#### [Description of the task]
Lines with the word "Photo" in them are the ones to copy from the records.

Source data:
::::::::

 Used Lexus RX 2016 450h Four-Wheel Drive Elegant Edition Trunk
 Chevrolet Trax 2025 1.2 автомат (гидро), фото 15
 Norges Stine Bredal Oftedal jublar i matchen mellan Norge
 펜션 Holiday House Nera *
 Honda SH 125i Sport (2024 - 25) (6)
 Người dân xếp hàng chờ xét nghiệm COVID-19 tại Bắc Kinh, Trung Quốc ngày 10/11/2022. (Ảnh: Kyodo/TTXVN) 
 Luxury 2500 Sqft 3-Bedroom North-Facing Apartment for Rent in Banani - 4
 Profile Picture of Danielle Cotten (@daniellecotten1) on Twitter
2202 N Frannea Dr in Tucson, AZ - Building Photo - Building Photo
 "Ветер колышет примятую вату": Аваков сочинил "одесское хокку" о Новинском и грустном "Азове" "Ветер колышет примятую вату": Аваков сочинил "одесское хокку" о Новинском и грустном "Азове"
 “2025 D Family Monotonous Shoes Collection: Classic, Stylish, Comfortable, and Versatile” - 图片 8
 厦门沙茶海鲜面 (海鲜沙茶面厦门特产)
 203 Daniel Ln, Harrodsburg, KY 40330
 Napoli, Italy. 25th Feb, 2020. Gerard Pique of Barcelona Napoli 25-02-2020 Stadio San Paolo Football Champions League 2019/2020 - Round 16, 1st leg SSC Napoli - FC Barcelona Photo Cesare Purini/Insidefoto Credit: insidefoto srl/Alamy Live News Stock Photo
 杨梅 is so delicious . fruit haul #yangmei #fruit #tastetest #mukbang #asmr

::::::::

#### [Final answer]
2202 N Frannea Dr in Tucson, AZ - Building Photo - Building Photo
 Napoli, Italy. 25th Feb, 2020. Gerard Pique of Barcelona Napoli 25-02-2020 Stadio San Paolo Football Champions League 2019/2020 - Round 16, 1st leg SSC Napoli - FC Barcelona Photo Cesare Purini/Insidefoto Credit: insidefoto srl/Alamy Live News Stock Photo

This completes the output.